Dost was one of the six finalists—Fineazy (Ghana), Praxilabs (Egypt), Sabaq (Pakistan), Signa (Brazil), Ubongo (Tanzania). Praxilabs and Uongo were the other two winners.

Six finalists were chosen to pitch on the main GESF plenary stage in front of over 1,500 delegates. The other winners to also receive $25,000 each included Ubongo from Tanzania and PraxiLabs from Egypt.

The winners were selected by a panel of judges comprising venture capitalists, philanthropic investors, experts in Edtech and learning sciences, and senior education policy makers, led by TechCrunch Editor-at-Large Mike Butcher.

As many as 30 startups were selected to pitch over three days for the Next Billion Edtech Prize, which focuses on low-income and emerging economies.

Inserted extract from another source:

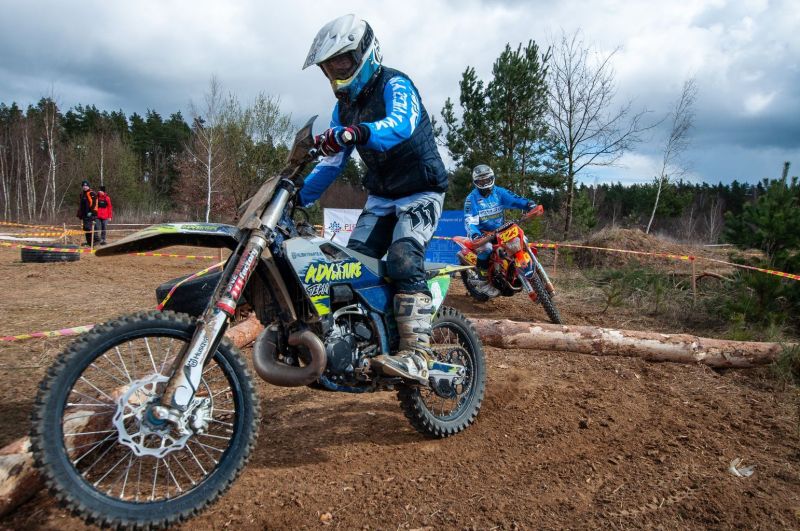 zawodnicy w trakcie jubileuszowych zawodów cross-country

TikTok Removes Over 60 Lakh Videos In India

Chinese short-video platform, run by the world’s most valuable startup ByteDance, has removed over 60 lakh videos from India since July last year as it struggles to filter improper content and meet guidelines.

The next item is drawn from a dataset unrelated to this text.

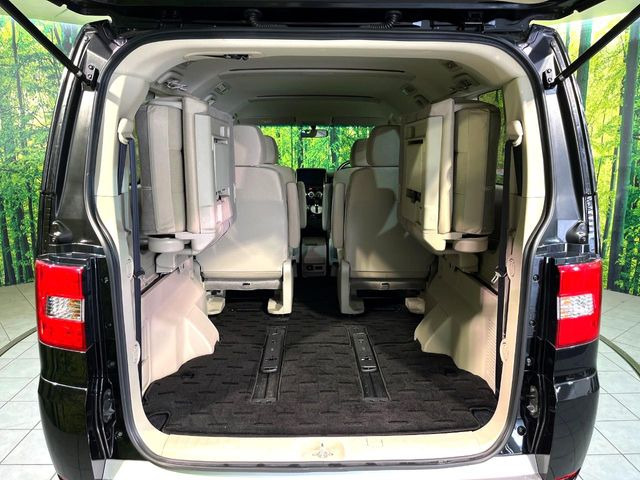 ���i�̂���������ʋ΁A���}���ɏ\���ȉ׎��X�y�[�X���m�ۂ��Ă���܂��B�Z�J���h�V�[�g��|���ƁA�傫�ȉו��̐ύڂ��\�ł���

The videos which have been removed violated community guidelines, the company said in a press statement on Friday.

“As a global community, safety has been one of TikTok’s key priorities... [These steps] reinforce our ongoing commitment to ensure that our platform remains a safe and positive space for our Indian users and we discharge our obligations under the Intermediary Guidelines of India, in a meaningful manner,” TikTok’s Director of Global Public Policy Helena Lersch said.

TikTok also introduced an ‘age-gate’ feature that will only allow those aged 13 years and above to login and create an account. This, it said, will further add to the safety mechanisms in place to ensure that underage users don’t use the platform.

The social media company is fighting against a ban in India. The Madras High Court directed the Centre to ban TikTok mobile application over “pornographic and inappropriate contents”. The Supreme Court agreed to hear a plea challenging the high court order on April 15.

The app has more than 500 million active users worldwide, beating Twitter (326 million active users) and Snapchat (186 million daily active users), according to Statista Charts, which sourced its information from company reports. More than a third of these users are from India.

The company’s announcements follow the launch of TikTok's Safety Centre and resource pages tackling bullying activities in 10 major local languages: Hindi, Gujarati, Marathi, Bengali, Punjabi, Telugu, Tamil, Kannada, Malayalam and Oriya.